First, improved SSE performance. Yawn!! It was time. Conroe beats AMD in pure SSE2 operations by 400%. Nothing that AMD does here is going to tilt the balance in the other direction.

Second, it adds load reordering. Another bit of a Yawn! Intel has been doing that for how many years now? Conroe also does load/store reordering. Nothing new here.

Third, it adds support for HT 3.0. Last I checked, K8 was not really hurting for memory bandwidth. So this is not expected add too much to real performance. Extremely good for bragging rights, but from end-user's perspective, another yawn.

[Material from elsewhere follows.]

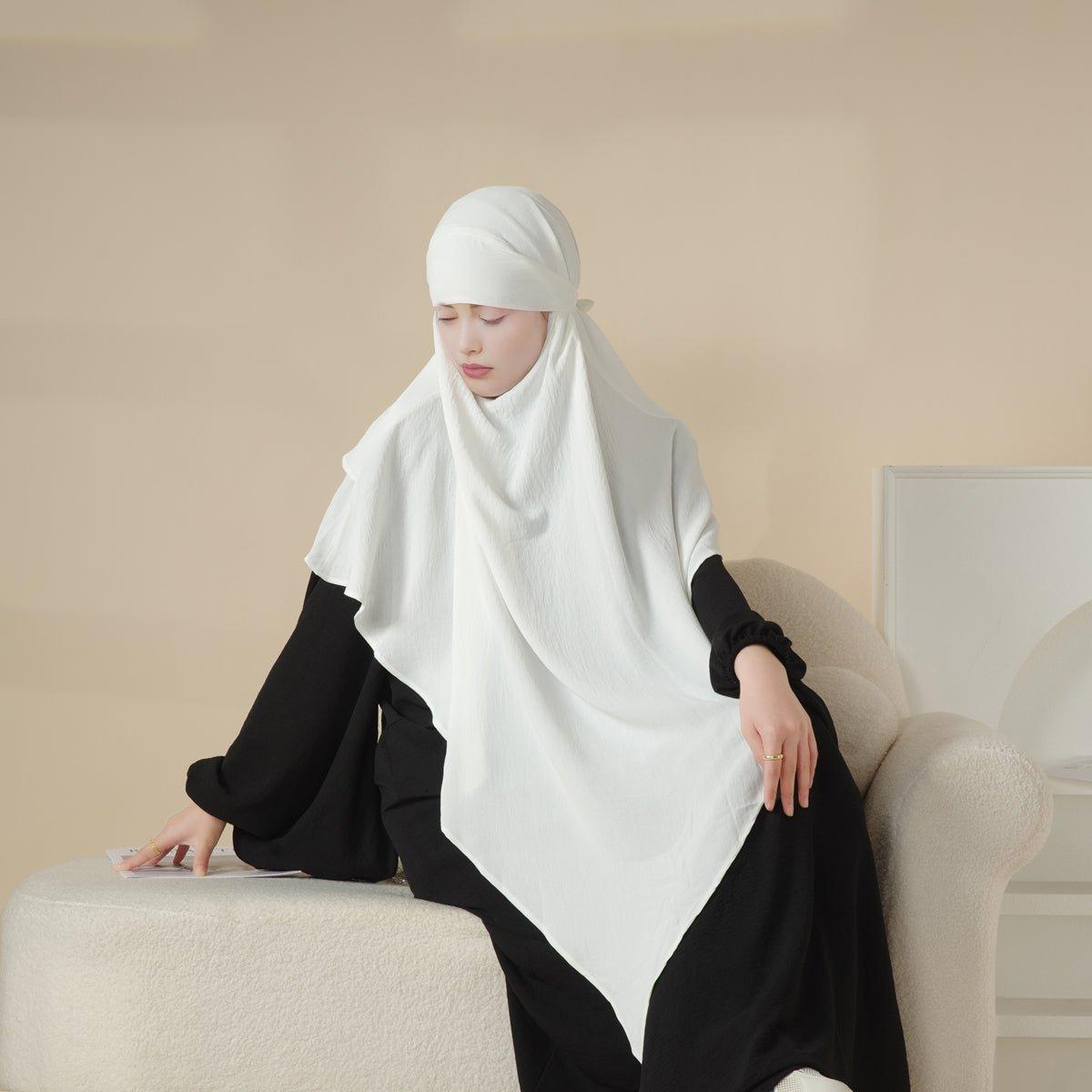 MK011 Stunning Two - Layer Crepe Khimar - Mariam's Collection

Fourth, it adds dual-ported L1 cache. AMD might be onto something with this. But again, we do not know what it really means. In fact, personally I do not expect it to add a lot. How many workloads today are really hurting for cache bandwidth. I would say, not many. Definitely not the 32-bit ones. At an IPC of about 2, and at most two source operands per instruction, you do not need more than 16 byte reads per clock cycle. For 64-bit workloads, it *MAY* mean someting. But again, until we see the effect on real benchmarks, I wouldn't start jumping up and down. Add to that the fact that K8L won't be reordering loads and stores. That means, if there are stores in front of loads, the second cache port could be just sitting there, doing nothing. Actually not entirely true, the second cache port will be adding load to the cache, increasing power conumption. In short, this seems like a good feature, but unless there is evidence to the contrary, I wouldn't count too much on it.

Fifth: improved floating point performance. Well, AMD has always been strong in this area, and when it comes to editing word documents, unzipping files, compressing videos, and playing games, it means zilt!! Universities and NASA care about it--impling 99% of their computers will be from AMD instead of 95%. But again, it is a performance improvement tailored for a very niche market.

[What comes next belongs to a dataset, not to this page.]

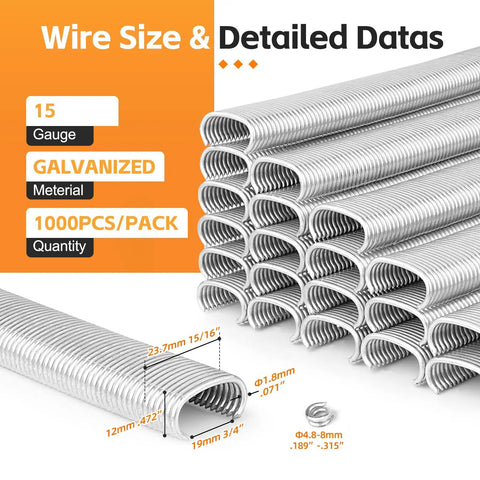 15 Gauge 3 Quarter Inch Crown Galvanized C Ring Staples for hog ring tools shown stacked with detailed size information.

Finally, they add shared L3 cache. Time they did so, wouldn't you say? Whatever happened to all those claims about cache thrashing, makes you wonder...

You might say, this is a very one-sided view. If Intel managed such a huge performance improvement from P4 to Core 2, why can't AMD do the same from K8 to K8L?

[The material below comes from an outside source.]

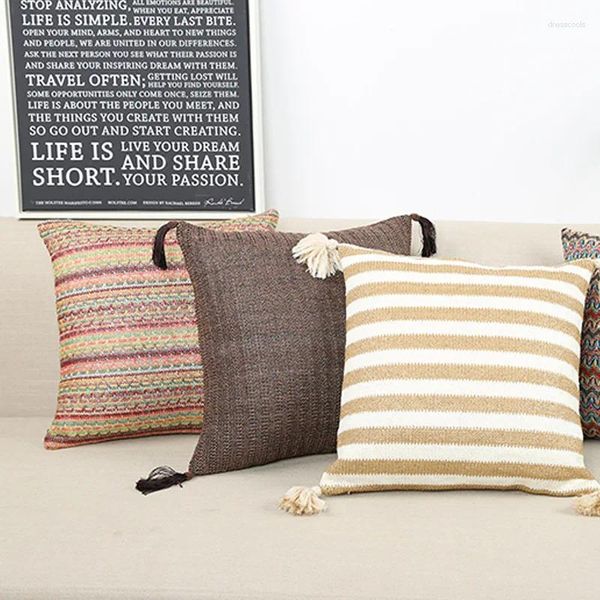 Kissen spanischer Stilwurf Imitation Stroh weben 45x45 Abdeckung mit Quasten Stripe Pillowcase Home Decor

For first, Intel did not improve performance going from P4 to Core 2, they improved power. You can take P4, cool it with liquid nitrogen, clock it at 6 GHz, and it will beat the crap out of any CPU on the planet. The problem is, no one wants to do that, and hence Intel has to clock it below 4 GHz. Unfortuantely, P4 was designed to be performant at 5+ GHz. Realizing this mistake, what Intel did with Core 2 is that they came up with an architecture that works great at sub-5GHz range. No matter what you do to Core 2, you cannot clock it beyond 5GHz. If you take 5 GHz Conroe and 7GHz P4, they will probably be pretty close in performance. However, since no average user clocks in that range, P4 seems far inferior to Core 2.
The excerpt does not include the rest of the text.